Among the records below, one line contains "Show' in Hamburg"; copy that line and all that follow it, exactly as written.

=-=-=

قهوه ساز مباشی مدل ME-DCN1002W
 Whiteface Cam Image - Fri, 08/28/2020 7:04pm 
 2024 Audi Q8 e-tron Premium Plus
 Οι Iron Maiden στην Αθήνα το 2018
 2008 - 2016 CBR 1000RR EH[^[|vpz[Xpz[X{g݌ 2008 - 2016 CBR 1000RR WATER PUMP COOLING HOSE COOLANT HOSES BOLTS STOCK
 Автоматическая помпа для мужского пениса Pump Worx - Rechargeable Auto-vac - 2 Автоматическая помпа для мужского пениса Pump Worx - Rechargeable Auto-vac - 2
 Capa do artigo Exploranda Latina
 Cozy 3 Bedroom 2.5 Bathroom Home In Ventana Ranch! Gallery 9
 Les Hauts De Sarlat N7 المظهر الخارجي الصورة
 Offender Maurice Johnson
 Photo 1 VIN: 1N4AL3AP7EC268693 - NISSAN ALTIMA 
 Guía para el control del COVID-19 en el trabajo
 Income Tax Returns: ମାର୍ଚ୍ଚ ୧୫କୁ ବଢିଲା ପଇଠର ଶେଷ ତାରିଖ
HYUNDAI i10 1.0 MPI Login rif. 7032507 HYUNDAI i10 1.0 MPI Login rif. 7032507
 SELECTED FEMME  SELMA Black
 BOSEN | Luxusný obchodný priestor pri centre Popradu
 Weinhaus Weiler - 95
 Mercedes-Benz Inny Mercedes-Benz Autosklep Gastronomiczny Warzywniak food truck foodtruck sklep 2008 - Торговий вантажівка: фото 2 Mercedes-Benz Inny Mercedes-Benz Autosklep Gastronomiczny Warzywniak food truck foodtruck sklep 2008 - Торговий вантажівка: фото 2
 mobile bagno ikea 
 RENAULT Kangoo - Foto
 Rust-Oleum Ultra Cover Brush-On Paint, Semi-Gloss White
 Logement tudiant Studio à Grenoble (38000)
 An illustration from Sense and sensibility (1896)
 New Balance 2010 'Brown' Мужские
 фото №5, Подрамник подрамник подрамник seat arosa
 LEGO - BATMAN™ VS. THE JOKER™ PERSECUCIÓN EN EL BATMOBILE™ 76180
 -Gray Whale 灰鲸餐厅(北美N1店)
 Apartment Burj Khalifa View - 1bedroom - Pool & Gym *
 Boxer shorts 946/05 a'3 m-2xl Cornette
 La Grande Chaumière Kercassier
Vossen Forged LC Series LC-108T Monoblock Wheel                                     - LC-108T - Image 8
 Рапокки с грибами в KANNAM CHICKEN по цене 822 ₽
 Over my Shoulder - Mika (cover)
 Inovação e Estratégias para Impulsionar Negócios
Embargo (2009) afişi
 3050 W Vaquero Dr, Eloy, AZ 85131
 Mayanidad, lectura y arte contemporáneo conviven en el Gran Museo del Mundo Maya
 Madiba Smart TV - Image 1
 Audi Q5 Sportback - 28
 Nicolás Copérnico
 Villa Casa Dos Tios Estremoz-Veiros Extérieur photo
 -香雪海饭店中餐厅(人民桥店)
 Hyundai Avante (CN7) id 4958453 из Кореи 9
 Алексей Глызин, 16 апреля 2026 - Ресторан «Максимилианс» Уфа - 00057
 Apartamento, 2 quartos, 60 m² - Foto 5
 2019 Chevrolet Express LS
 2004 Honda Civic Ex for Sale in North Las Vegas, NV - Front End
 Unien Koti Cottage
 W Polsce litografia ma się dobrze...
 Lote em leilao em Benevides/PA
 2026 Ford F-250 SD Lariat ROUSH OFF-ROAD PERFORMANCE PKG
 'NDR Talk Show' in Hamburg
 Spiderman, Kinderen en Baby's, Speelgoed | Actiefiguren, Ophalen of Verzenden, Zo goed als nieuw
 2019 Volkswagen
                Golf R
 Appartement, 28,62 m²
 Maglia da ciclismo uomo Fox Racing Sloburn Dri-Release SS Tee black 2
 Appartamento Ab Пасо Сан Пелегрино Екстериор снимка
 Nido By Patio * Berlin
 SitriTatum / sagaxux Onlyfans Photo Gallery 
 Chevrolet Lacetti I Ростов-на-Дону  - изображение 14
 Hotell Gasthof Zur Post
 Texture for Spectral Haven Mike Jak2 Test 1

=-=-=

→ **Finished exercise**
 'NDR Talk Show' in Hamburg
 Spiderman, Kinderen en Baby's, Speelgoed | Actiefiguren, Ophalen of Verzenden, Zo goed als nieuw
 2019 Volkswagen
                Golf R
 Appartement, 28,62 m²
 Maglia da ciclismo uomo Fox Racing Sloburn Dri-Release SS Tee black 2
 Appartamento Ab Пасо Сан Пелегрино Екстериор снимка
 Nido By Patio * Berlin
 SitriTatum / sagaxux Onlyfans Photo Gallery 
 Chevrolet Lacetti I Ростов-на-Дону  - изображение 14
 Hotell Gasthof Zur Post
 Texture for Spectral Haven Mike Jak2 Test 1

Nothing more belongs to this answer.